As one of the largest professional service firms in the world, job openings at PwC are competitive. Swanick estimated about 90 percent of new jobs go to applicants who interned with the company as undergraduates.
Boland interviewed with PwC about two weeks after Swanick passed along Boland’s résumé. The company told him he could expect to hear about their decision in another two weeks.
That afternoon, PwC called to offer Boland the position.
“I owe it a lot to [Swanick],” Boland said. “I owe a lot to Penn State, as well. … I would not have met people like Dr. Bo [Ouyang] or Mr. Swanick, who helped set me up for a very successful start to my career.”
Swanick is no stranger to introducing students to the PwC recruiting process; in addition to recruiting at Philadelphia-area colleges as an employee, he has also fielded interest from students while teaching courses at Saint Joseph’s and Villanova.
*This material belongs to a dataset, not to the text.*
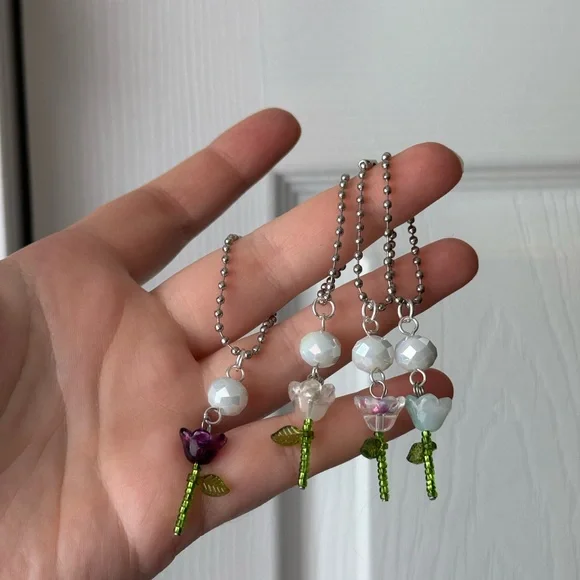 Beaded Flower Keychain - Picture 8 of 8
Those students are all eager to secure jobs and helping young professionals with their careers is one of Swanick’s favorite things about teaching.
“I was so happy to hear it worked out [for Boland],” Swanick said. “He had a good personality, he had strong grades, and he’s a very likeable young man. I think that combination, and perhaps with me on the other side and some relationships at PwC, got it to work. … He must have just nailed the interview.”
Boland will begin his new job in October, and, although he hasn’t started the position yet, he can already see how what he’s learning in classes will be helpful.
Graduate classes have helped ingrain key accounting concepts, as well as introduced Boland to new fields he hadn’t studied before. As an undergraduate, his classes were more focused on problems and numbers pulled from a textbook. Now, assignments are based on real-life situations, like looking at financial statements from companies and providing hands-on experience.
Boland also values his interactions with his classmates since many of them are working full-time and can provide insight on variety of topics. Penn State Great Valley’s international student population has also been an asset for Boland, exposing him to how different cultures and viewpoints shape the accounting world.
In a few months, Boland will finish his master’s degree and is ready to take the next step in his career, thanks to his experiences at Penn State Great Valley.
“The professors are all really helpful and willing to answer my questions and meet up at office hours,” Boland said. “Michael Swanick is a perfect example of being able to help you outside of the classroom, going above and beyond to assure that the students are not only being successful in their classes, but being successful in their work field.”